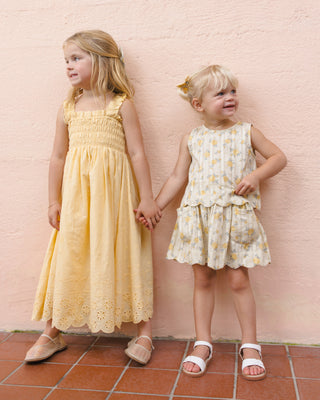 Rylee & Cru Hanna Lemon Dress for girls, featuring a bright yellow fabric and playful design, worn by a child in a lifestyle setting.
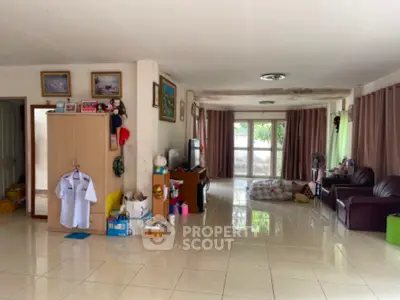 Spacious living room with glossy tiled flooring, large windows draped with curtains, and an array of personal items and furniture.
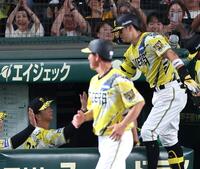 ６回、先制ソロを放った佐藤輝を迎える藤川監督（左）＝撮影・山口登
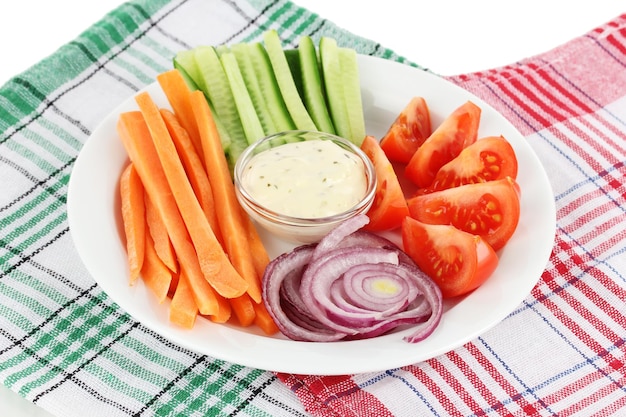 Assorted raw vegetables sticks in plate on napkin close up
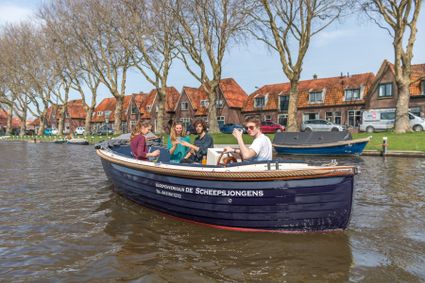 Sloepverhuur De Scheepsjongens in Woerden, Groene Hart, met vier mensen die in een sloep varen langs het Singelwater en karakteristieke woningen.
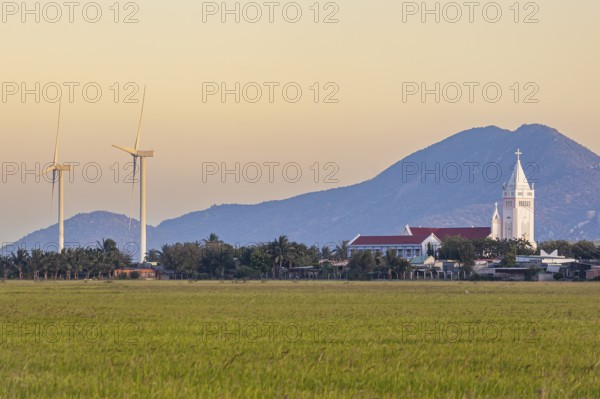 Landscape with rice fields and wind turbines and a Catholic church at Phan Rang, Ninh Thuan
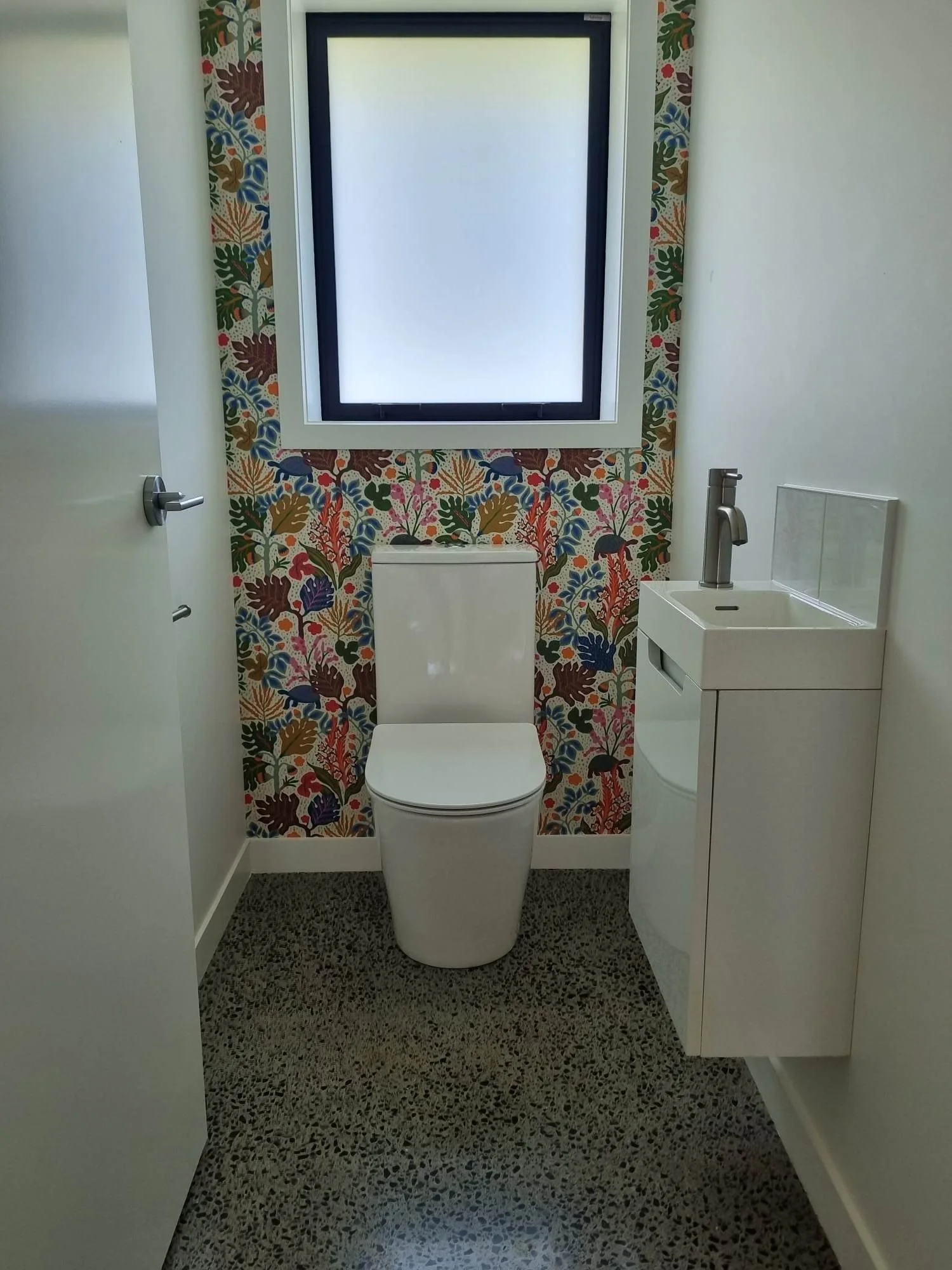 Small bathroom with a patterned wallpaper behind the toilet, a window above the toilet, and a white sink with a modern faucet on the right. The floor has a speckled tile pattern.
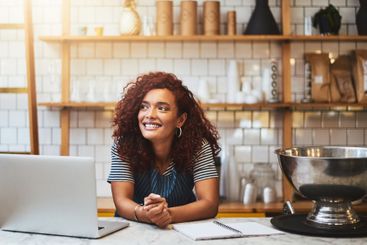 Laptop, thinking and woman with notebook in kitchen for...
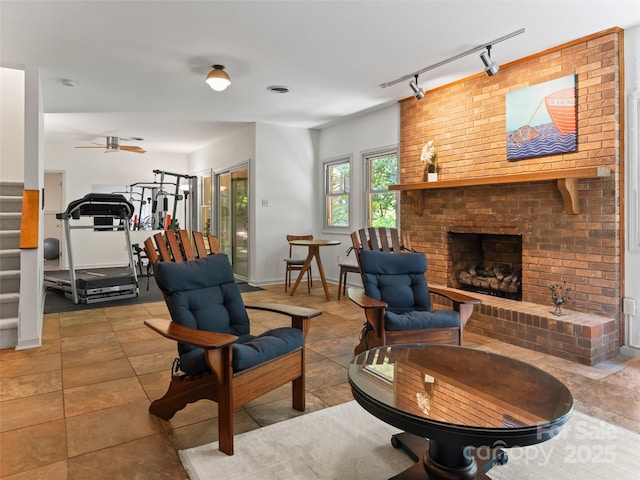 living room featuring stairway, a fireplace, a ceiling fan, and baseboards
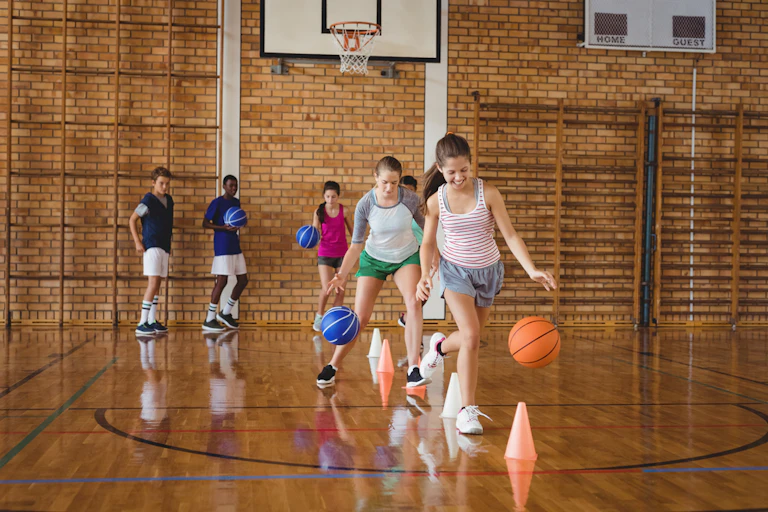 Des élèves s'entraînant au basket dans le gymnase du lycée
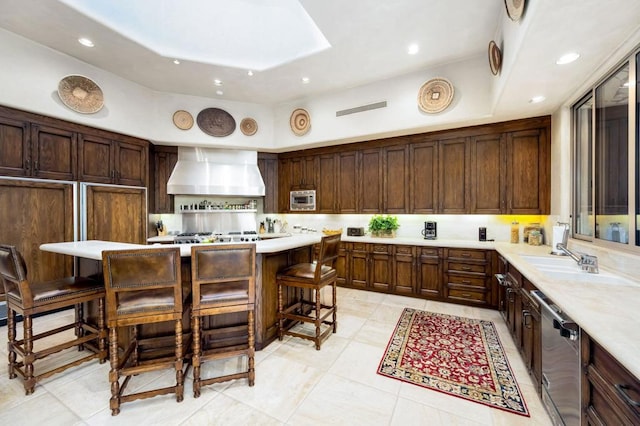 kitchen with wall chimney exhaust hood, dark brown cabinetry, stainless steel appliances, a center island, and a breakfast bar area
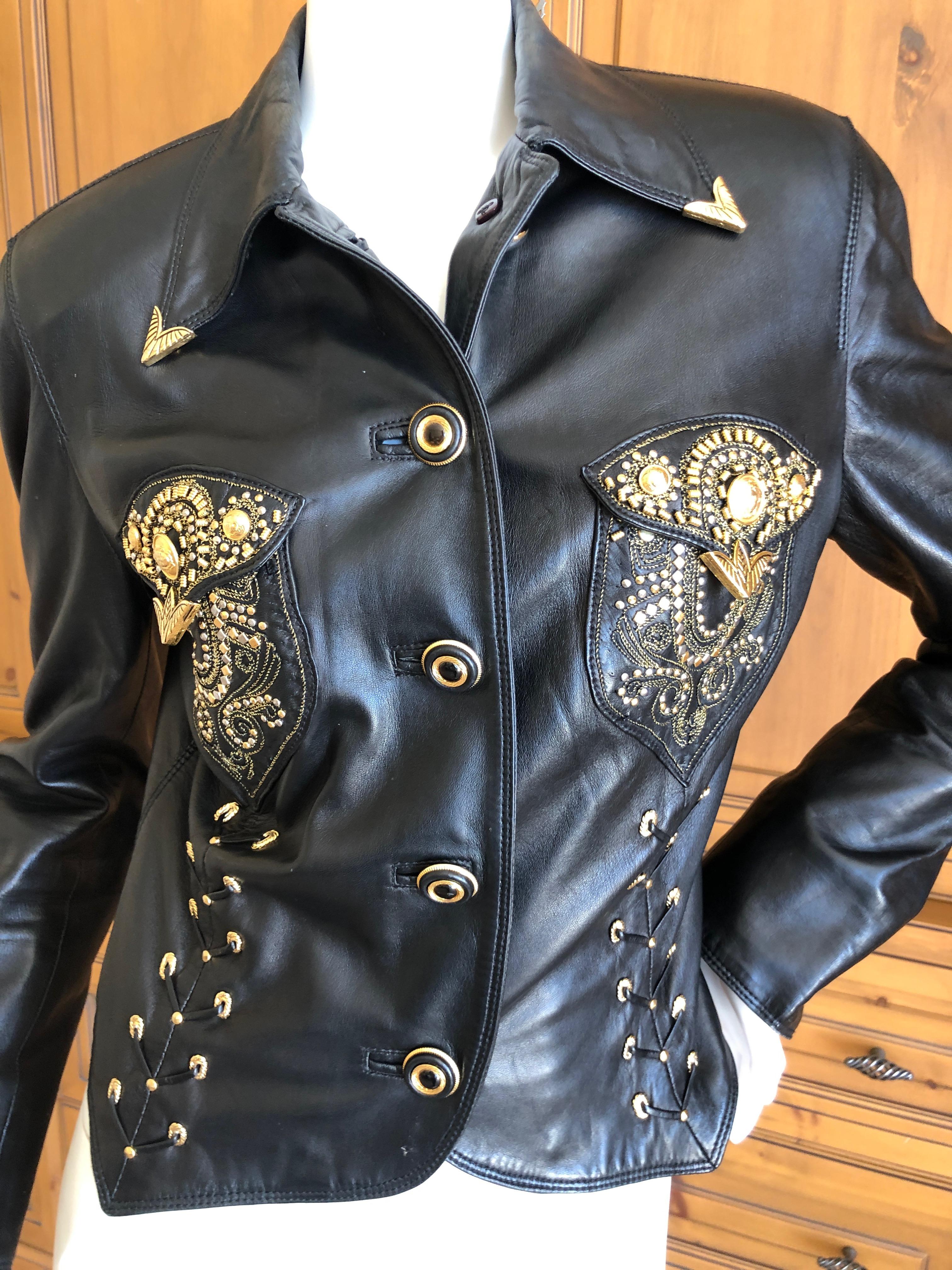 Gianni Versace 1990 Lambskin Lace Up Leather Moto Jacket with Gold Embellishment.
This is so amazing, please use the zoom feature to see the details.
Corset lacing on the sides are laced through gold plated grommets.
 In Excellent Condition. 
Bust
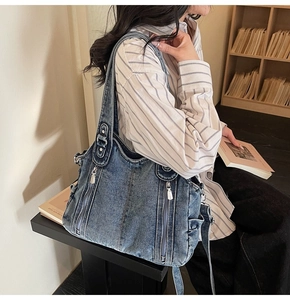 Detailed view of blue washed denim tote bag with silver zippers worn by a model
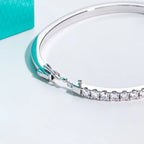 Moissanite half-eternity bracelet 3mm, side angle, 18K white gold plated sterling silver — Aurora Moissanite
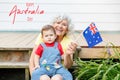 Happy Australia Day card with greeting text. Happy old woman grandmother with grandson baby boy waving Australian flag. Family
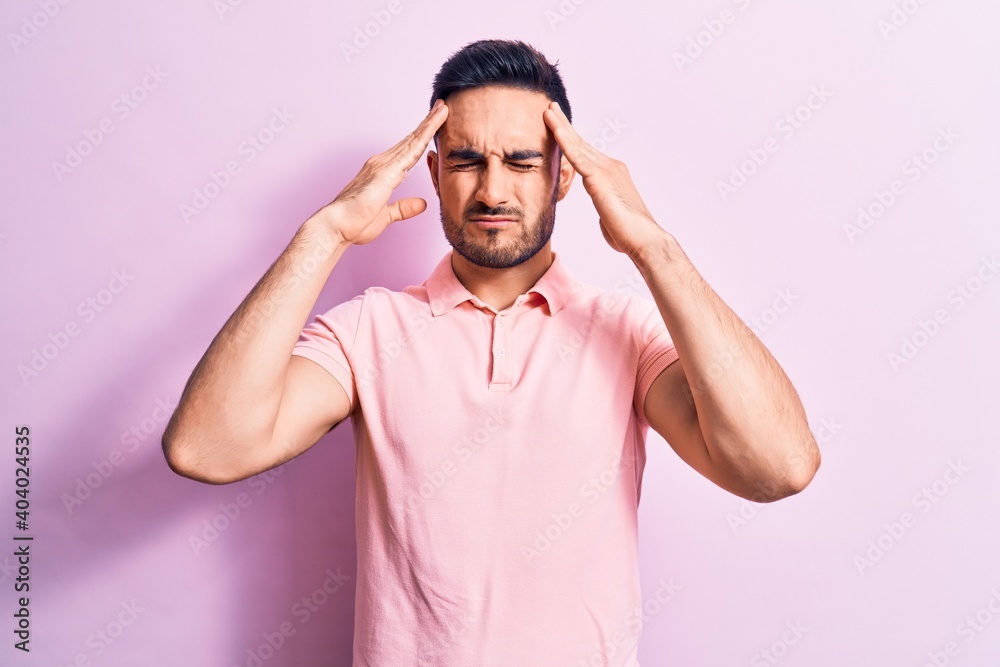 Young handsome man with beard wearing casual polo standing over pink background with hand on head, headache because stress. Suffering migraine. Young handsome man with beard wearing casual polo standing over pink background with hand on head, headache because stress. Suffering migraine.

▸ **TO DO**: Give all the records again, exactly, without images.

▸ **RESULT OF THIS TASK**:
 Rylee & Cru Hanna Lemon Dress for girls, featuring a bright yellow fabric and playful design, worn by a child in a lifestyle setting.
 Spacious living room with glossy tiled flooring, large windows draped with curtains, and an array of personal items and furniture.
 ６回、先制ソロを放った佐藤輝を迎える藤川監督（左）＝撮影・山口登
 Assorted raw vegetables sticks in plate on napkin close up
 Sloepverhuur De Scheepsjongens in Woerden, Groene Hart, met vier mensen die in een sloep varen langs het Singelwater en karakteristieke woningen.
 Landscape with rice fields and wind turbines and a Catholic church at Phan Rang, Ninh Thuan
 Small bathroom with a patterned wallpaper behind the toilet, a window above the toilet, and a white sink with a modern faucet on the right. The floor has a speckled tile pattern.
 Laptop, thinking and woman with notebook in kitchen for...
 living room featuring stairway, a fireplace, a ceiling fan, and baseboards
 Des élèves s'entraînant au basket dans le gymnase du lycée
 kitchen with wall chimney exhaust hood, dark brown cabinetry, stainless steel appliances, a center island, and a breakfast bar area
 Gianni Versace 1990 Lambskin Lace Up Leather Moto Jacket with Gold Embellishment.
This is so amazing, please use the zoom feature to see the details.
Corset lacing on the sides are laced through gold plated grommets.
 In Excellent Condition. 
Bust
 Detailed view of blue washed denim tote bag with silver zippers worn by a model
 Moissanite half-eternity bracelet 3mm, side angle, 18K white gold plated sterling silver — Aurora Moissanite
 Happy Australia Day card with greeting text. Happy old woman grandmother with grandson baby boy waving Australian flag. Family
 Young handsome man with beard wearing casual polo standing over pink background with hand on head, headache because stress. Suffering migraine. Young handsome man with beard wearing casual polo standing over pink background with hand on head, headache because stress. Suffering migraine.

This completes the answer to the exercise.